In terms of the Story Mode available that’s where things might not be as advanced as you’d like them to. Fighting games recently have been trying to get better and better with their story modes. There’s only a very brief narrative that holds everything together. It’s going to be mostly the same, no matter which fighters you choose. You select your team of three fighters and go through 10 rounds of fights against CPU opponents. Occasionally a couple of the fighters will interact in a very brief scripted scene that gives you an idea of the relationship between them and there are different endings for each of the teams. This is a pretty bare bones story mode that you’ve seen dozens of times over in the past.
I briefly tested out the online mode of the game and found that it worked very well.
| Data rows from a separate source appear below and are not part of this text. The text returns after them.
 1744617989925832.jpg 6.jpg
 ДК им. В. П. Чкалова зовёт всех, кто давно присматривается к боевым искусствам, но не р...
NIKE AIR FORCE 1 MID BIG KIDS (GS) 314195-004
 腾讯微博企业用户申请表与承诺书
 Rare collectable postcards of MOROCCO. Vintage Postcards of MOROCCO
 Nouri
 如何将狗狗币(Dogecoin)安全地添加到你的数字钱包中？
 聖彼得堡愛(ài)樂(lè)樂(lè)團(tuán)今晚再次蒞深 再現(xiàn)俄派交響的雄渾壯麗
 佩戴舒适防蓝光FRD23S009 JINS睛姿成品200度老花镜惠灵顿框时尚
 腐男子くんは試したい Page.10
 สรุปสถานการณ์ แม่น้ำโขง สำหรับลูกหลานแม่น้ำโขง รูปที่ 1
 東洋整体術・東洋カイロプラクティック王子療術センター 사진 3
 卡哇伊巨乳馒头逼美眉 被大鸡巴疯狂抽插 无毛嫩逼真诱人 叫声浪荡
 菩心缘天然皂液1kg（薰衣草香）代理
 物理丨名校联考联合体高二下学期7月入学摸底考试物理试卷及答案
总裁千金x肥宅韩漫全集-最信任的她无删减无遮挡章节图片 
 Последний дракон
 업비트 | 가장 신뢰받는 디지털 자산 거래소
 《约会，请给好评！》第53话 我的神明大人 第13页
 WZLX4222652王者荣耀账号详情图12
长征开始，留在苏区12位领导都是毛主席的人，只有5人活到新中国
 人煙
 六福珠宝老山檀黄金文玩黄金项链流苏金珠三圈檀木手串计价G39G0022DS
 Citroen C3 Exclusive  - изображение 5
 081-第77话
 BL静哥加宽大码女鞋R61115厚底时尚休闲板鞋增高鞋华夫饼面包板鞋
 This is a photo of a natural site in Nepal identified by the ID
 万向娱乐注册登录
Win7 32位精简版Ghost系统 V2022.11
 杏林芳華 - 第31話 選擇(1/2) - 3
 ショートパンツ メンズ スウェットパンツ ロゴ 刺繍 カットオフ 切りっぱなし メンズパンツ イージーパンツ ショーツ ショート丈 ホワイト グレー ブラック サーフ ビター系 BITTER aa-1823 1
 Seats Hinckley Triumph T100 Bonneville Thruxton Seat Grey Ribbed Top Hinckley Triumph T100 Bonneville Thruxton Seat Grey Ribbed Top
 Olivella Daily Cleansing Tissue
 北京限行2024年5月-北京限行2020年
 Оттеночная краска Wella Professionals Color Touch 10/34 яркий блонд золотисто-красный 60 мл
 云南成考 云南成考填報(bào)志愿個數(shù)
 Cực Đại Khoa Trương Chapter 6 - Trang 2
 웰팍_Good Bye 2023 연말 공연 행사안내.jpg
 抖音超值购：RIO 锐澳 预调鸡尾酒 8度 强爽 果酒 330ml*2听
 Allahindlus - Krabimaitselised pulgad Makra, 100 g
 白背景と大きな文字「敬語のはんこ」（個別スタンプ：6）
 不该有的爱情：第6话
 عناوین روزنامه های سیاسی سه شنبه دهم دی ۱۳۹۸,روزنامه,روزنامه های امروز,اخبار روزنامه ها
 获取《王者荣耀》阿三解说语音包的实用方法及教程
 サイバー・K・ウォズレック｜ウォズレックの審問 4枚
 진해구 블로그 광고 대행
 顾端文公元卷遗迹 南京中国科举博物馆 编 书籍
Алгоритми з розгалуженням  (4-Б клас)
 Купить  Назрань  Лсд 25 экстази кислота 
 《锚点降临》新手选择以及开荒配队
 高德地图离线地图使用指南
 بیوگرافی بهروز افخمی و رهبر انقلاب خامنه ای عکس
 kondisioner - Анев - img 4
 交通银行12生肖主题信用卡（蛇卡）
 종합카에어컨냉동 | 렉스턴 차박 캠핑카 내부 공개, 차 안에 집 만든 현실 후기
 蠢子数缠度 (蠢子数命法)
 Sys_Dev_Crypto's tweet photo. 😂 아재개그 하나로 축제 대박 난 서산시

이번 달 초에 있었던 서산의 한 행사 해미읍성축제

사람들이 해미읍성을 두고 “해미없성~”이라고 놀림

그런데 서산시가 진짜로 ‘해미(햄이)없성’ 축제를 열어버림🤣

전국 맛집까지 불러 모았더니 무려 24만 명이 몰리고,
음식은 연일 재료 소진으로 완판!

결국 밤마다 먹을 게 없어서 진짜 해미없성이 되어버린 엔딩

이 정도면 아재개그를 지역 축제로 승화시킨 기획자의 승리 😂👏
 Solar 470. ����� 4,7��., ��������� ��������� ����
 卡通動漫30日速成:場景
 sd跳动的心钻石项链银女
It was smooth. I never had any issues with lag, which is crucial in a fighting game. There is a lobby system that will allow up to 12 different people to join. It keeps you from having to constantly go through matchmaking and ensures that if you’re looking to fight there is probably someone in the room who will want to do the same. You can interact with all of those people via voice or text. It’s simple, it’s intuitive and it keeps the pace of the game moving so you’re not spending more time looking for opponents than you are actually fighting.
All in all I really enjoyed my time with King of Fighters XIV. It’s a game that I’ll probably end up coming back to often, even if I’m just playing by myself or against another person on my couch. Will I ever win a tournament for the game? Probably not. However, I found that I was able to get a good grasp of the fighting system and could see the depth of it, despite being limited in the number of buttons when compared to other popular fighting games. It’s friendly enough for newcomers, but deep enough for veterans and I don’t think they’ll have any big objections making the move to the newest game in the series.
Played through the story mode a handful of times.